Work to complete
Using the listing below, copy exactly the lines from the one containing "Family Hotel Como" to the one containing "Podiumsteilnehmer:innen der IDSF-Diskussionsrunde", both lines included, and no others.

Data excerpts
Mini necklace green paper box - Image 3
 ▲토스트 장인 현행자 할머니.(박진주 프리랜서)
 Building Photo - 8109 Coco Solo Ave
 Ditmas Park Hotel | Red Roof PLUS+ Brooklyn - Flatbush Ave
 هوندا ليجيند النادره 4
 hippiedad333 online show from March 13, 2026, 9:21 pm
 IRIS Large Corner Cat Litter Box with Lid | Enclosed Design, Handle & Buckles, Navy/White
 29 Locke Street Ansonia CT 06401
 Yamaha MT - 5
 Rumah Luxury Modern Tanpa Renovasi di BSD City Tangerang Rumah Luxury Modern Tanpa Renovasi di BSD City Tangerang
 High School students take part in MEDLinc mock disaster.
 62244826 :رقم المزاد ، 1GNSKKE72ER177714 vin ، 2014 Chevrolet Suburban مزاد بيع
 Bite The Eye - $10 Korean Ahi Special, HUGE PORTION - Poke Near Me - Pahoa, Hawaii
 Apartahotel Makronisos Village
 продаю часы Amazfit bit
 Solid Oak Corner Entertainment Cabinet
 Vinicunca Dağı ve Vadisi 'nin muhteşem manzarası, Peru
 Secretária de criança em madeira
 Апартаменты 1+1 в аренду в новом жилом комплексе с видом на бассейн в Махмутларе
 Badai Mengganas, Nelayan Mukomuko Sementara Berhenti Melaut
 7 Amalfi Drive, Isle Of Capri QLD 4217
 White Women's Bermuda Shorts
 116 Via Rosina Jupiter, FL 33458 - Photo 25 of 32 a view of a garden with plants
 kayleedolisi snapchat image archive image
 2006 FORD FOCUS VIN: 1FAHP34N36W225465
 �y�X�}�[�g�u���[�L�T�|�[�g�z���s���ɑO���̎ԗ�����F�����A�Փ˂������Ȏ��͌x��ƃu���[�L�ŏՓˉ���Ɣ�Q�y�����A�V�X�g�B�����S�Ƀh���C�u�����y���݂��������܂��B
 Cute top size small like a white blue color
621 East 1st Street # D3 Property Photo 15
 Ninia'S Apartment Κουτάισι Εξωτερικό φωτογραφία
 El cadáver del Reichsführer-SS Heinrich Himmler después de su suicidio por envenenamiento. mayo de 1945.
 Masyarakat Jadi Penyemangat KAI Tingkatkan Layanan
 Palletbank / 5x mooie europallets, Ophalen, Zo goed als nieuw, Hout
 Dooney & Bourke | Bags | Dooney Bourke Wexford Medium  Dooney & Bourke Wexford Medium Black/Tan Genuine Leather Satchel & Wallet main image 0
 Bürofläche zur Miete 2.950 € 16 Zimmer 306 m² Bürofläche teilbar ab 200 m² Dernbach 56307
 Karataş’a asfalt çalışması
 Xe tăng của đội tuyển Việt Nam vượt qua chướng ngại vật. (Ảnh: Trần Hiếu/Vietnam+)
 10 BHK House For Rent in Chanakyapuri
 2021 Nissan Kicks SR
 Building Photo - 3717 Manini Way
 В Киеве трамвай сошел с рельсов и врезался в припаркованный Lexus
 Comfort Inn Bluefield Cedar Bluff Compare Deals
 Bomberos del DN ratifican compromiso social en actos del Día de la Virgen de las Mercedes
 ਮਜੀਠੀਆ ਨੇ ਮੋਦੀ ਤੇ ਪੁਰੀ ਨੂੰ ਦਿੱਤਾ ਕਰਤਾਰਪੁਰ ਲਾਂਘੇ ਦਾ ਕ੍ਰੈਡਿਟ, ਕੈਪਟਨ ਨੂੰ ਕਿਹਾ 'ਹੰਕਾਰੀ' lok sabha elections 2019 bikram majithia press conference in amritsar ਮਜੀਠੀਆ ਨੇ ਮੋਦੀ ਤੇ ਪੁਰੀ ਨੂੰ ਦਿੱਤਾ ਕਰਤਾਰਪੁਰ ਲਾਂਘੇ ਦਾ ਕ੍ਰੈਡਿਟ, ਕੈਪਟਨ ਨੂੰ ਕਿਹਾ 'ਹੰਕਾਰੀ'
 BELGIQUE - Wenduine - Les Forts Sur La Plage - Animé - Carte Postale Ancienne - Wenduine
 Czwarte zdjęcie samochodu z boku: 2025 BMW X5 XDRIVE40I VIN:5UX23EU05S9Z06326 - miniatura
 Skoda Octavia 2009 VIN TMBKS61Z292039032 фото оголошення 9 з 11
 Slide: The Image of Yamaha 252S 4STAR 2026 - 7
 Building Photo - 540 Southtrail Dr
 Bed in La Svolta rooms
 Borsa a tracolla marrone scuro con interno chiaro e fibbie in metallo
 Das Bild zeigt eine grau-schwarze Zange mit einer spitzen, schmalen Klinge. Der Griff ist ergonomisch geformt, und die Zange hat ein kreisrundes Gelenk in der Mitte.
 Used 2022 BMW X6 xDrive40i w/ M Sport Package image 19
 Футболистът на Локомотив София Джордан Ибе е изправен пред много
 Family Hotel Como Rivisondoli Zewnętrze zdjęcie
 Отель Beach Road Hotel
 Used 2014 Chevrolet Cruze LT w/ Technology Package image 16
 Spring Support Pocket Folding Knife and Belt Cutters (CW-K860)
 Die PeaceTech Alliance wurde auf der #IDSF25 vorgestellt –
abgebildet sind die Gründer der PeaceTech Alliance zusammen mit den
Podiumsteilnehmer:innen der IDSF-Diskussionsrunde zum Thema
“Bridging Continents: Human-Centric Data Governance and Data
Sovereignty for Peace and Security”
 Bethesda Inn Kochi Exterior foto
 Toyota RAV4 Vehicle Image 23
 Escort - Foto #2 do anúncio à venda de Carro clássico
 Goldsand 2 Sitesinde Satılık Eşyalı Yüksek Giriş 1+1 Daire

Task output
 Family Hotel Como Rivisondoli Zewnętrze zdjęcie
 Отель Beach Road Hotel
 Used 2014 Chevrolet Cruze LT w/ Technology Package image 16
 Spring Support Pocket Folding Knife and Belt Cutters (CW-K860)
 Die PeaceTech Alliance wurde auf der #IDSF25 vorgestellt –
abgebildet sind die Gründer der PeaceTech Alliance zusammen mit den
Podiumsteilnehmer:innen der IDSF-Diskussionsrunde zum Thema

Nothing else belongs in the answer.